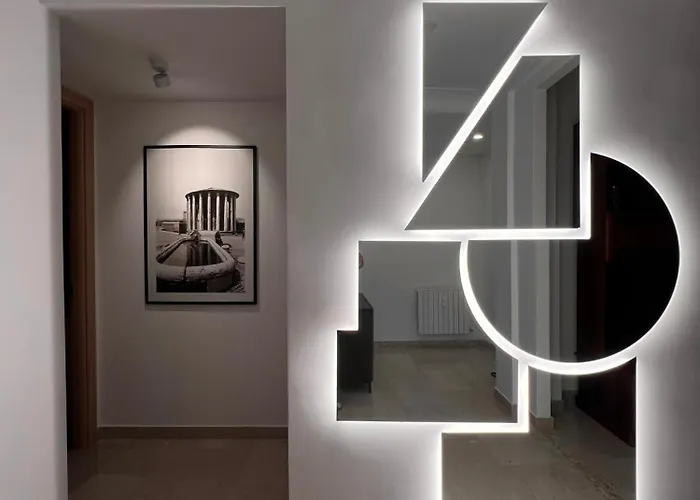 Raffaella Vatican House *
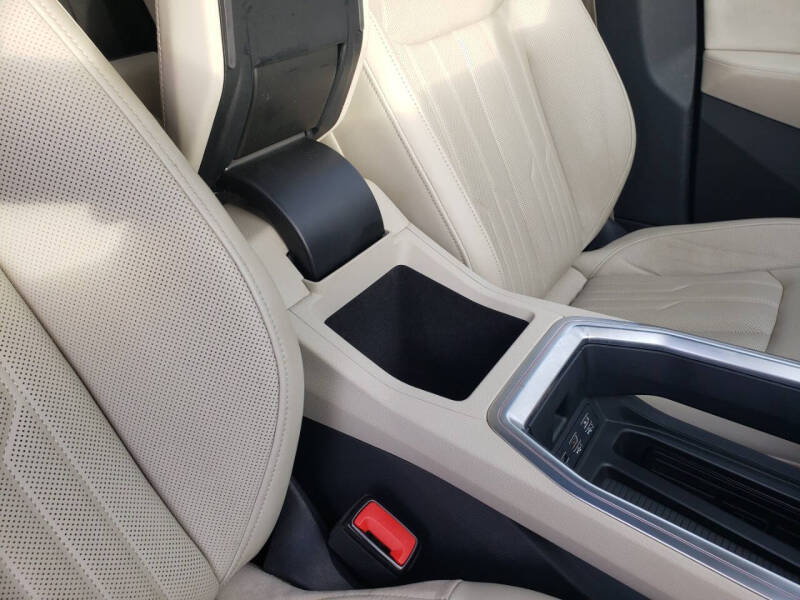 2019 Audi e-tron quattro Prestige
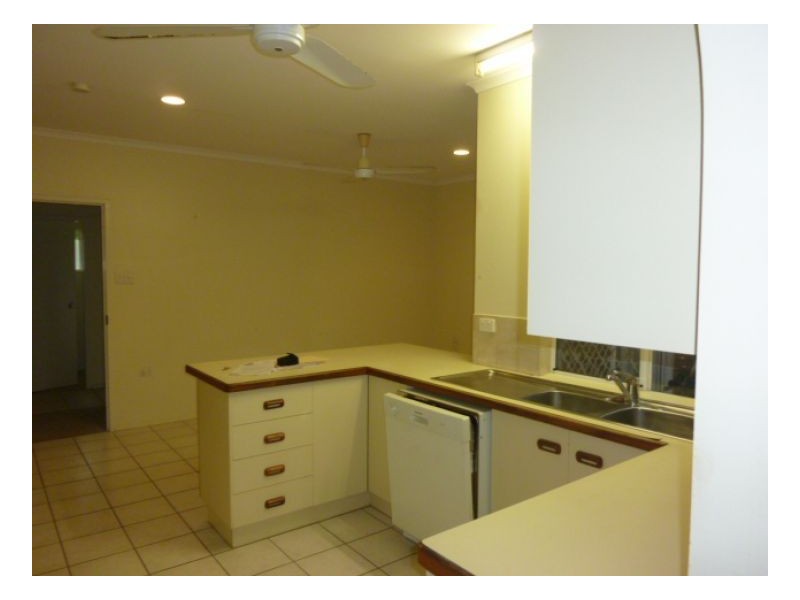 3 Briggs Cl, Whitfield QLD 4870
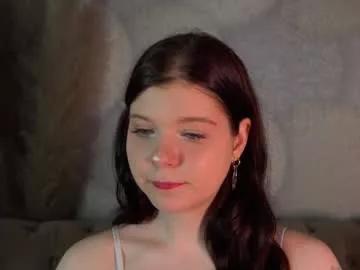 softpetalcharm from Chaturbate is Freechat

::::

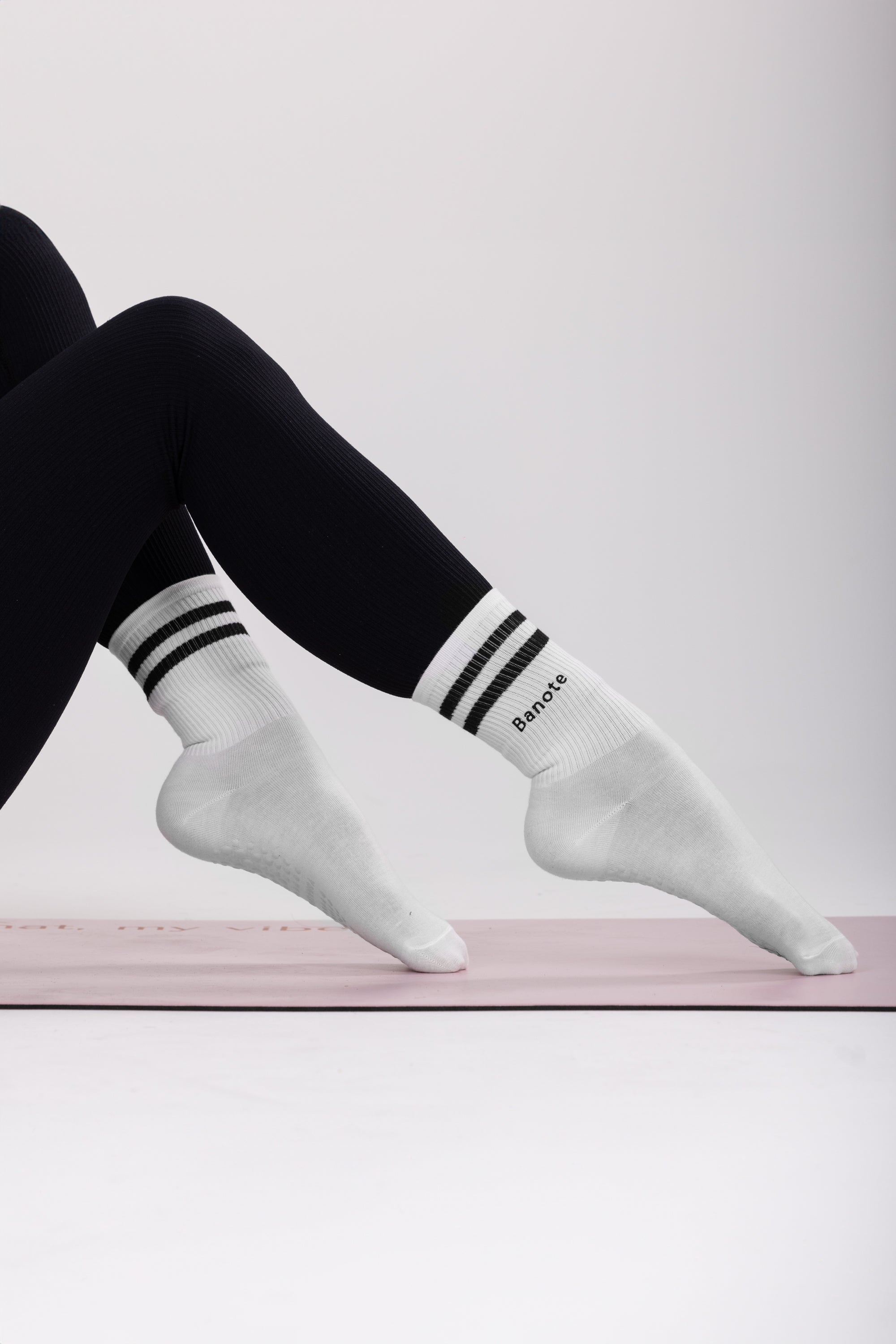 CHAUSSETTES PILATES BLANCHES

::::

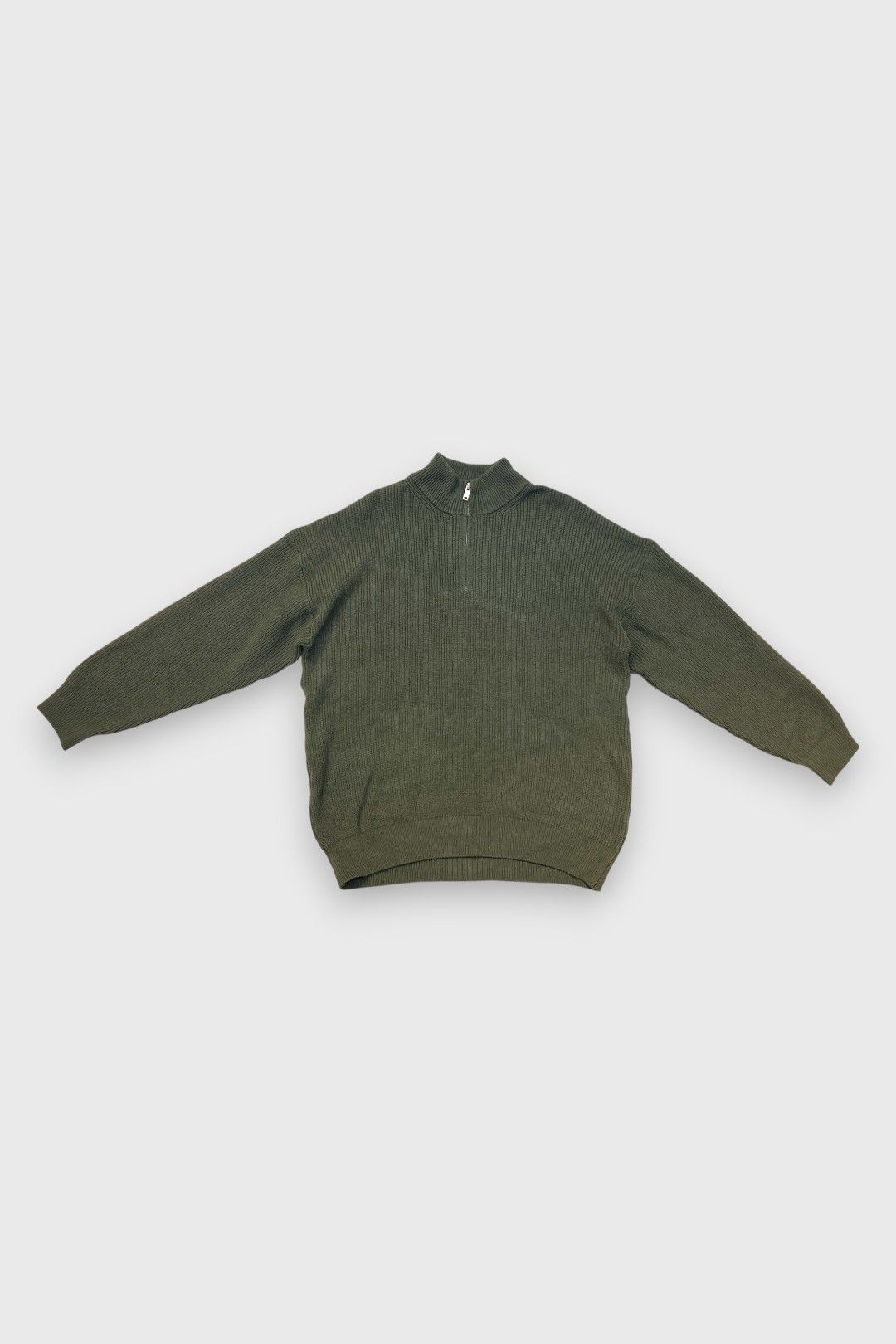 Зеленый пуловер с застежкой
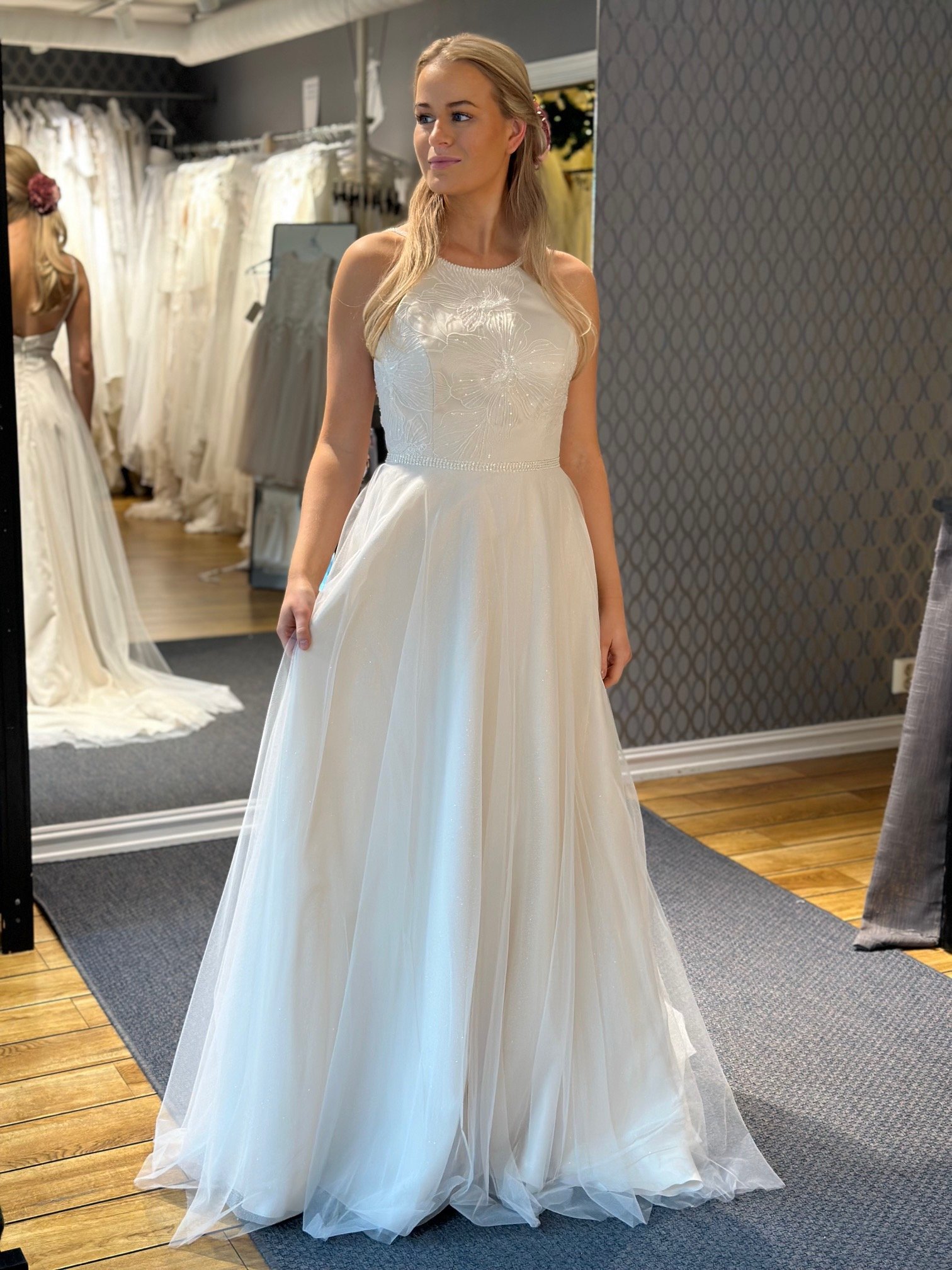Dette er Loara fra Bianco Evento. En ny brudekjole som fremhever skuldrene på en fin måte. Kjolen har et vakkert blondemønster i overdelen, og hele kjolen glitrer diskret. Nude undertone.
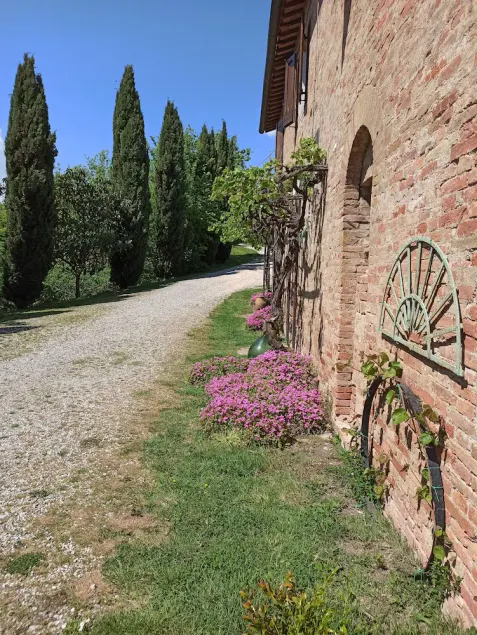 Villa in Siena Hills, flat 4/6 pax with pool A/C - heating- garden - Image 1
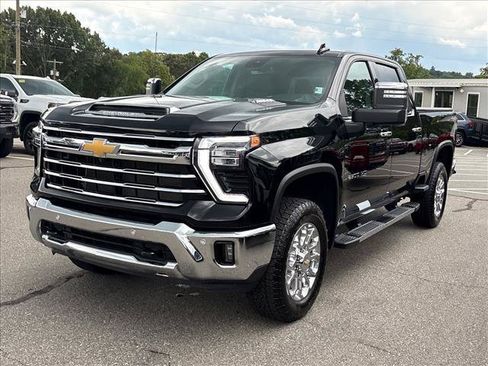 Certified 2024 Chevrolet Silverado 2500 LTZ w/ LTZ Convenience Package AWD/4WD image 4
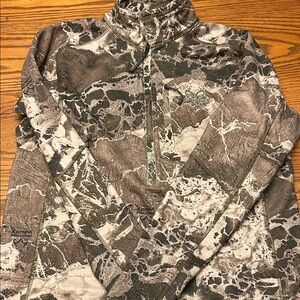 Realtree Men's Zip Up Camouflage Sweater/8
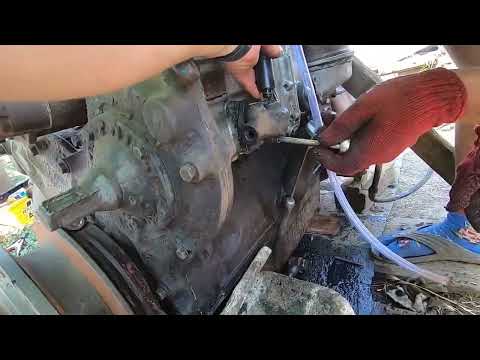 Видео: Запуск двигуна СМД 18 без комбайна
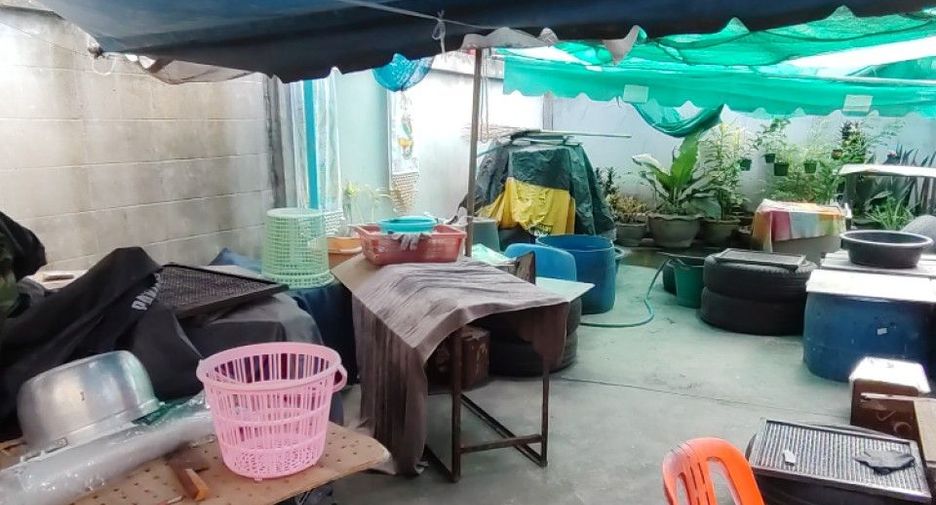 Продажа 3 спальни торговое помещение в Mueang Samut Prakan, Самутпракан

::::

— PROBLEM DETAILS —
The material above holds pictures; leave them out and set down exactly the lines from the line with "Raffaella Vatican House *" to the line with "softpetalcharm from Chaturbate is Freechat", both included.

— FINISHED EXERCISE —
 Raffaella Vatican House *
 2019 Audi e-tron quattro Prestige
 3 Briggs Cl, Whitfield QLD 4870
 softpetalcharm from Chaturbate is Freechat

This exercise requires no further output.